Key Deliberations Point:
· The potential hike in the United States Federal Reserve rate.
· Declining GDP growth.
· Nigeria’s debt service profile.
· Credit to the real sector.
· Rising inflationary pressure.
· Pressure on reserves and exchange rates.
After extensive deliberations, the MPC decided by majority vote to focus on stimulating growth in the Nigerian Economy by adjusting the following indices:
· Reduce the monetary policy rate (MPR) from 13.0% to 11.0%;
· Reduce the CRR from 25% to 20%; and
· Replace the symmetric corridor with an asymmetric corridor of +200bps and -700bp.
Impact on liquidity:
The reduction in the CRR on Private Sector Deposits will further relieve DMBs from liquidity squeeze and increase the need for banks to match additional liabilities with assets. The introduction of the asymmetric corridor will reduce the incentive for banks to place money with the CBN at its Standing Deposit Facility (SDF), as it will now attract only 4.0% interest rate per annum (11-7%).
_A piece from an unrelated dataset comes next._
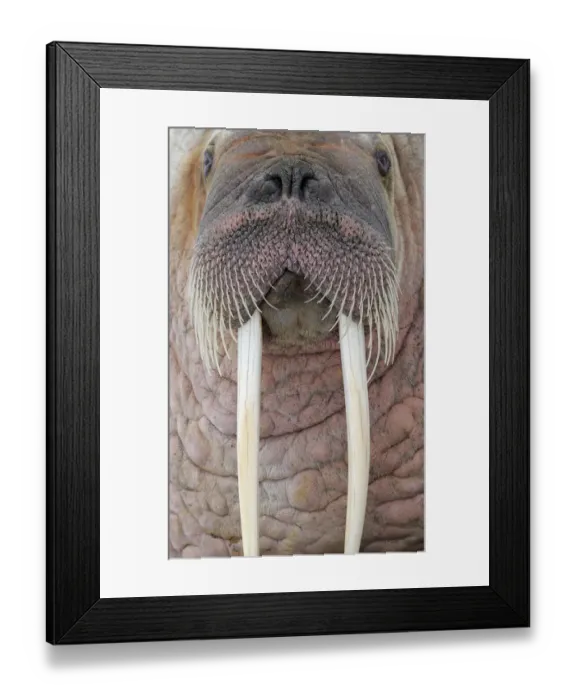 Framed Print : RF- Walrus (Odobenus rosmaris) close up head portrait, Svalbard, Norway Framed Print : RF- Walrus (Odobenus rosmaris) close up head portrait, Svalbard, Norway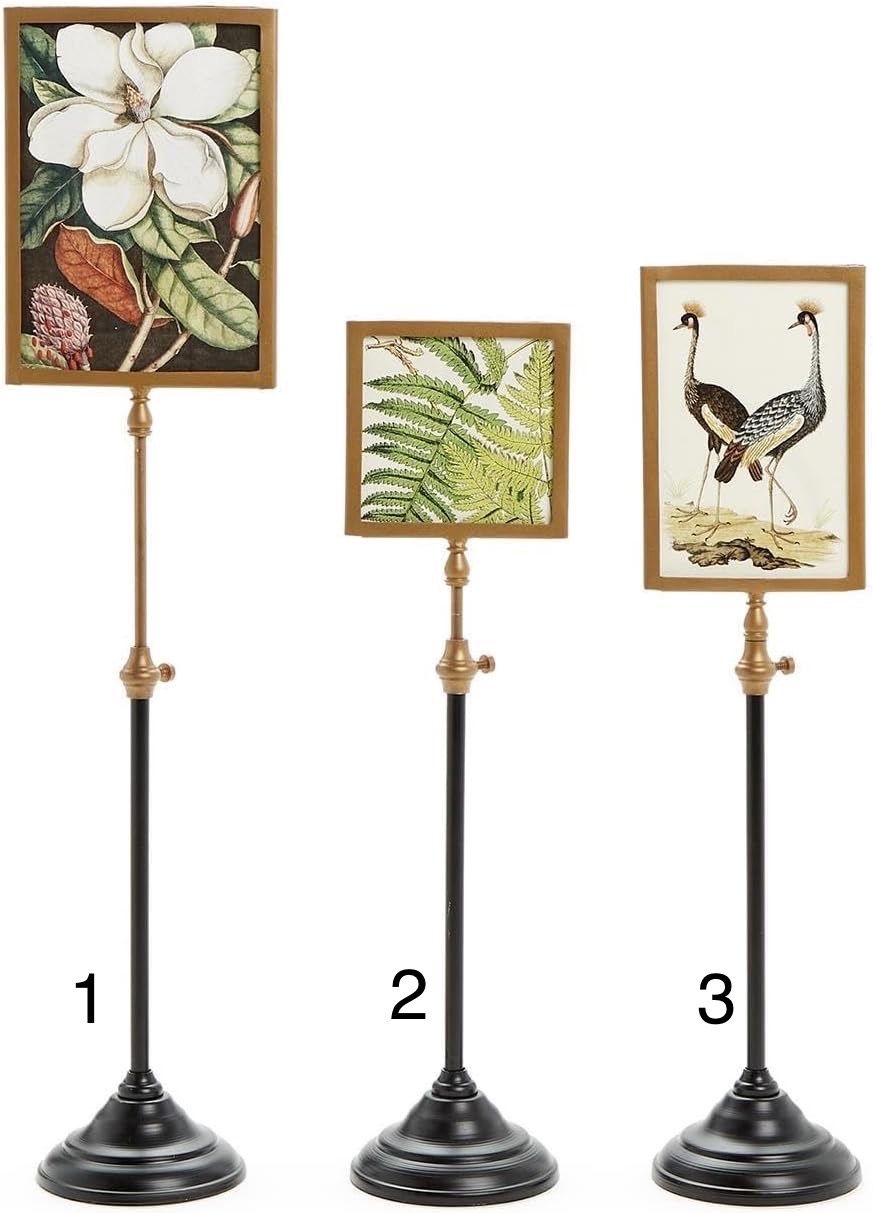 Double Sided Picture Frames - Telescoping Pole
Impact on the Real Sector:
Deposit Money Bank’s (DMBs) will need to increase their lending to the real sector as M2 will rise by ~ 40.0% with limited fixed income instruments available. DMBs will look to create risk assets from genuine economic agents with low gestation periods (Trade, Manufacturing & Construction etc.)
Impact on the Financial Market:
We expect increased demand for short tenor instruments (T-bills, Commercial papers & 3-5 year Bonds) over the next week and a short-term rally on select counters at the equity market.
Impact on the Federal Government:
In our view, this move will pave the path for Government’s borrowing needs in 2016 to drive its spending plan and repay its existing debt.
Impact on Inflation and Exchange Rates:
These two indicators will likely deteriorate in the medium-long term as long as the accommodative policy persists.